Tax cuts for large, profitable corporations already hoarding mountains of "dead money" — in former Bank of Canada governor Mark Carney’s words — have fed public skepticism and even cynicism over the last decade. This is especially true given that corporate income tax cuts failed to achieve anything like the promised payoff in economic and employment growth over the long, grinding economic recovery.
It’s also corrosive for public trust in the honesty and competency of the political system, since it suggests there’s one set of rules for the top one per cent, and another for everyone else. In 2015, we watched in disgust as the leaked Panama Papers revealed dozens of high-income Canadians stashing wealth in secret offshore tax havens, beyond the knowledge of tax authorities. In the U.S., billionaire Warren Buffett questioned why he paid a lower tax rate than the person he pays to clean his home. His answer: tax cuts showered on the ultra-wealthy, and the fact his income comes from investment, rather than wages and salaries, which is the main income source for the vast majority of people.
To its credit, Justin Trudeau’s government has begun to move towards more fairness, adding a further top tax bracket of 33 per cent on incomes above $200,000, closing some tax loopholes, and making it easier to crack down on those abusing offshore tax havens.
Now the government is moving to address the ways many high-income earners shelter their income by setting up Canadian-Controlled Private Corporations (CCPCs). Two-thirds of the very top of Canadian income earners own a CCPC. Reining in how CCPCs can be used to shelter income from personal income tax is important to reducing income inequality, not to mention gender inequality, since high earners are particularly likely to be male.

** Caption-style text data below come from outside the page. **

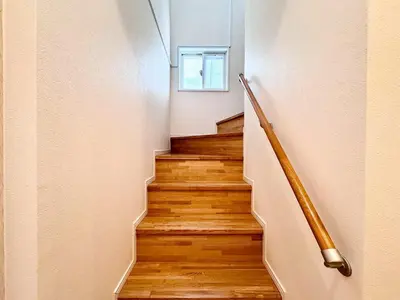a staircase with wooden floors and a window at P O IN T - Okachimachi Akihabara Designer's Home in Tokyo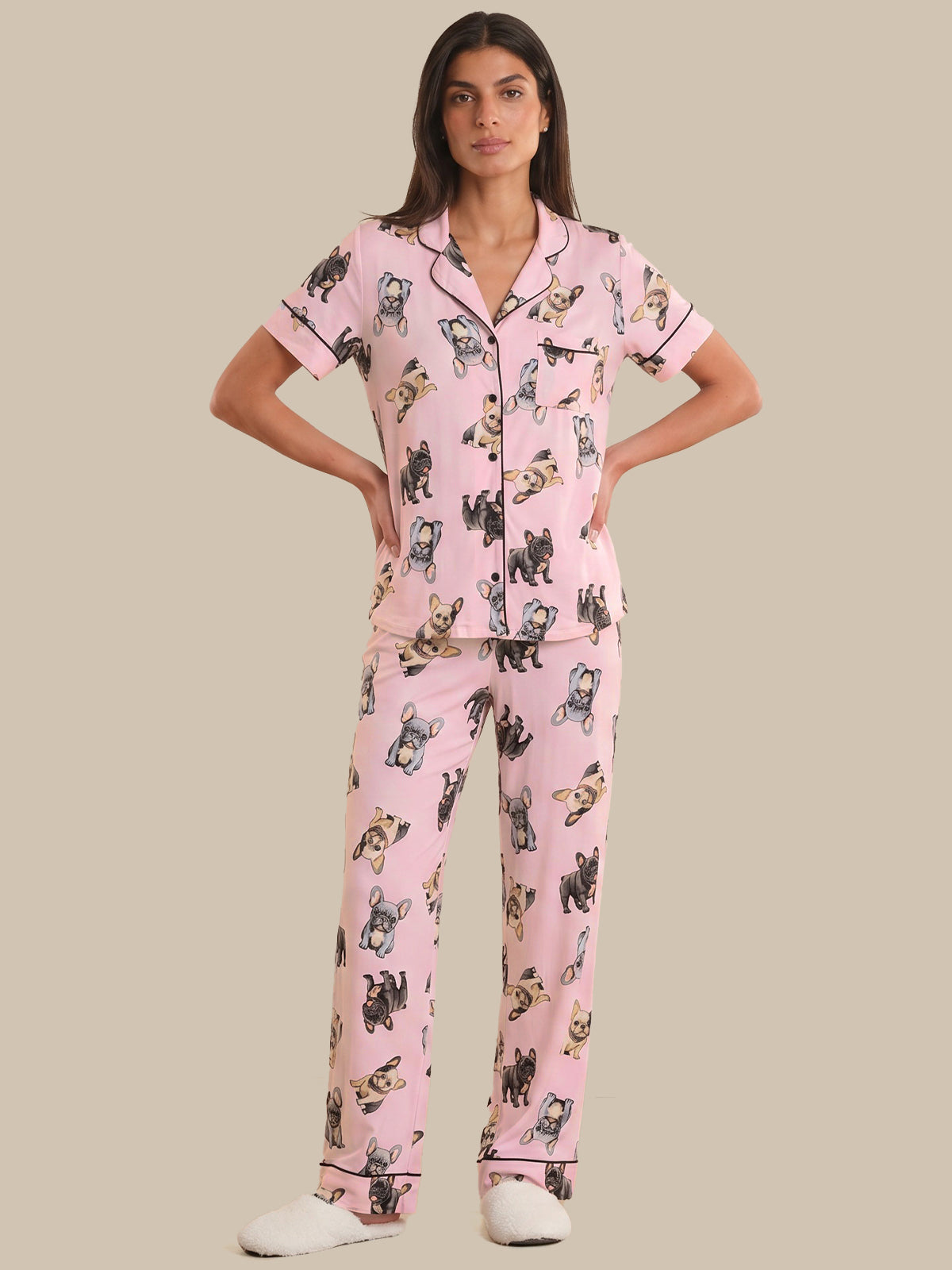 Woman wearing pink pajamas with dog pattern on a beige background
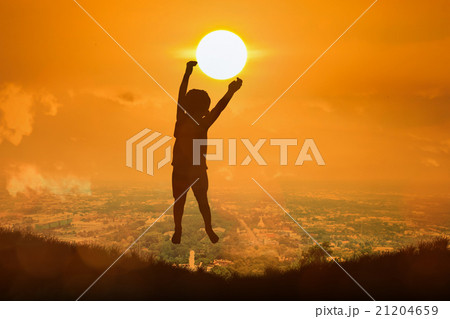 boy happy jumping touch  the sun 21204659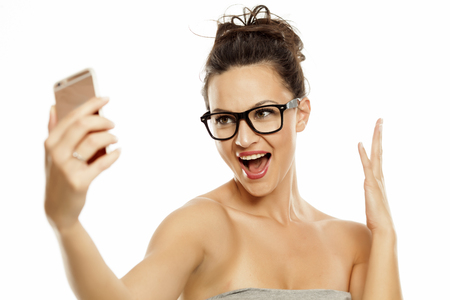 young beautiful woman takes selfies on white backgroundの写真素材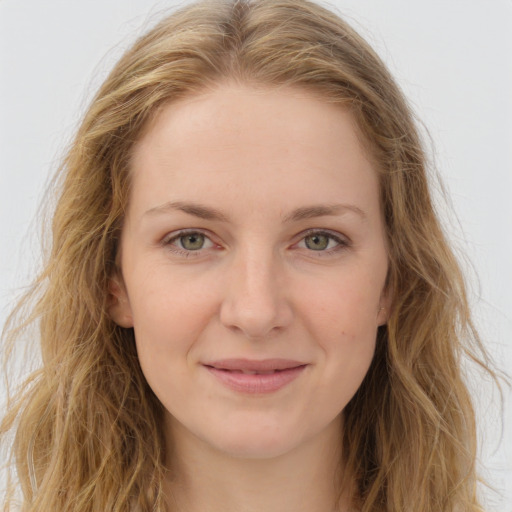 Joyful white young-adult female with long  brown hair and green eyes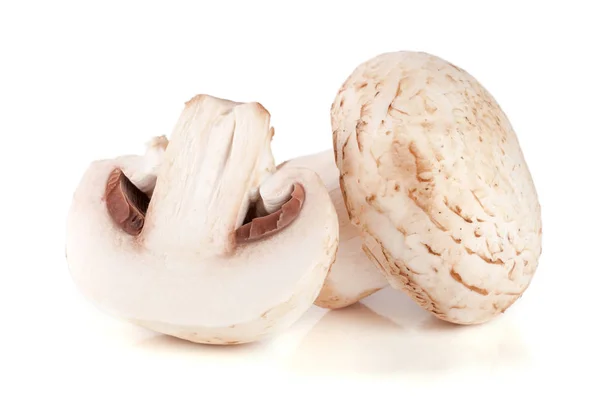 Champignon mushrooms and half isolated on white background Stock Picture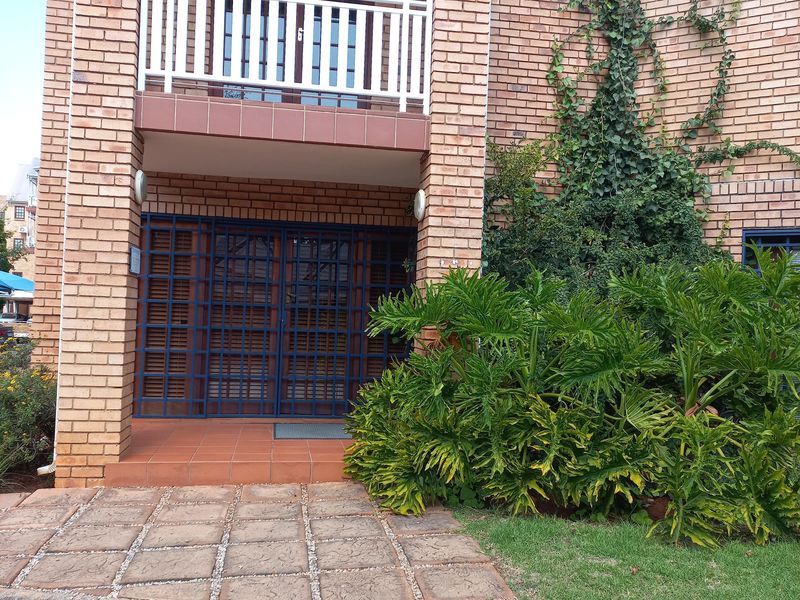 Front entrance of the office building featuring a brick facade, a covered balcony, and a secure gated entry with paved access.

This step is just common sense. Today, Canada performs exceptionally well in international tax comparisons. In 2016, KPMG ranked Canada as "the most tax competitive country for business globally," putting us at the top for having the lowest total tax costs for business among industrialized countries.
Canada’s unions, like the majority of Canadians, welcome these changes as an important first step. But we believe far greater changes are needed to make our tax system truly equitable, and to ensure that corporations and the top one per cent pay their fair share.
That includes implementing a more aggressive clamp down on tax havens and corporate tax dodging. It means eliminating regressive and ineffective tax loopholes, cancelling stock-option deductions, fully including capital gains in taxable income, and cancelling the flow-through shares deduction. It means taxing foreign e-commerce companies to level the playing field for Canadian providers. It also means increasing taxes on banks and finance, which have received windfall profits from corporate income tax cuts over the last decade and a half. And it means introducing wealth and inheritance taxes, and making income taxes more progressive. Canada’s tax system still needs a lot of work. Let’s stand in support of these first steps, and then push for more, so we really can make Canada a more fair and equitable society.
Hassan Yussuff is president of the Canadian Labour Congress.